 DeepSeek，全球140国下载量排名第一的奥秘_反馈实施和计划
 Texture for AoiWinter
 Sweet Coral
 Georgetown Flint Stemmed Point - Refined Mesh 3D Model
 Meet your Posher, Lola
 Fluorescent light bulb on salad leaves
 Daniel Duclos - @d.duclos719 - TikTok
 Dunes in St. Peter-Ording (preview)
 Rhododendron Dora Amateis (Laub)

------

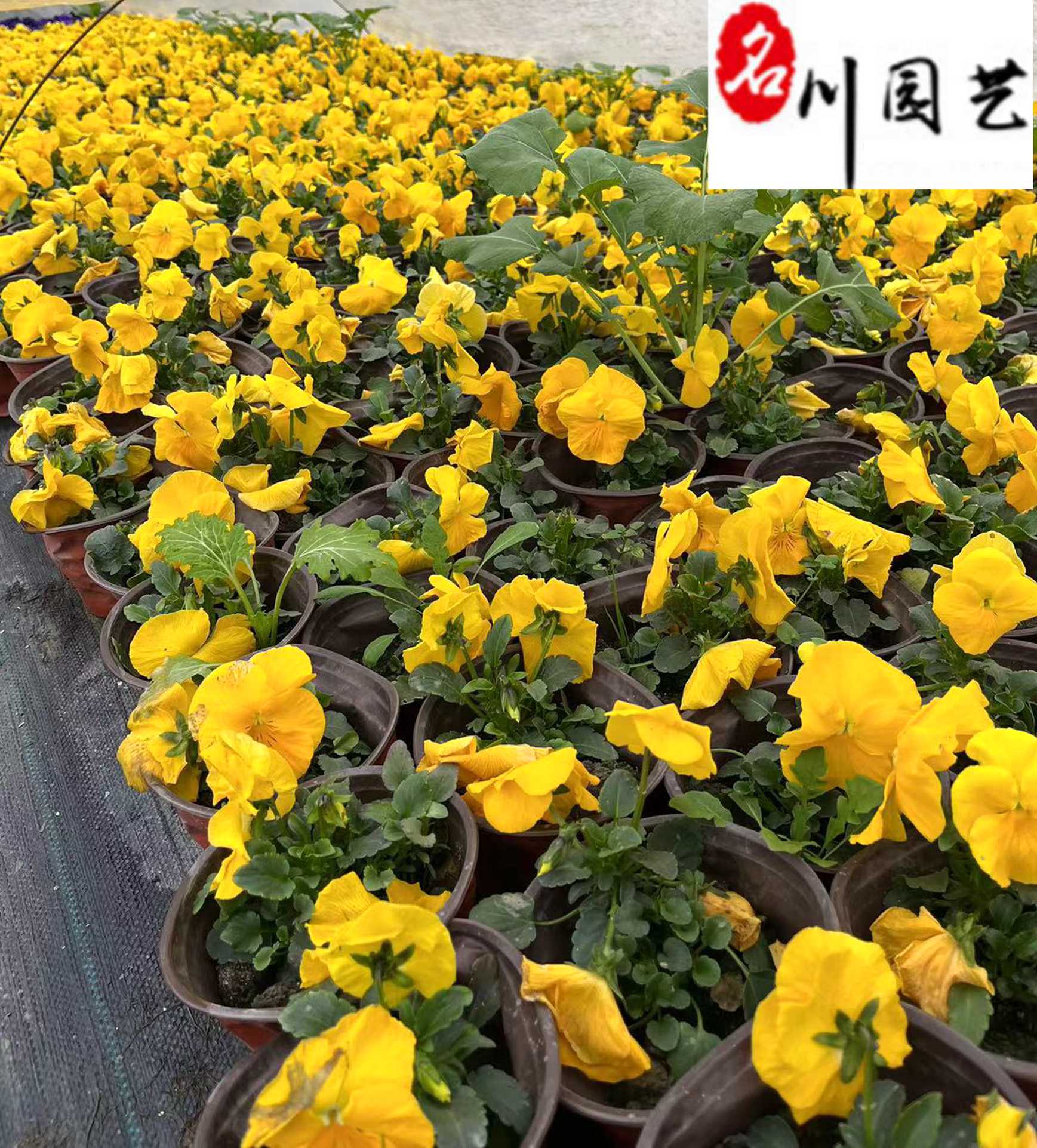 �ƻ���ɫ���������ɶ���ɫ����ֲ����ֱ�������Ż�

------

BRIEF: Scan the listing above for the line that has "Dunes in St. Peter-Ording (preview)", then copy exactly from that line through the line that has "Rhododendron Dora Amateis (Laub)".

RESPONSE TO THE TASK:
 Dunes in St. Peter-Ording (preview)
 Rhododendron Dora Amateis (Laub)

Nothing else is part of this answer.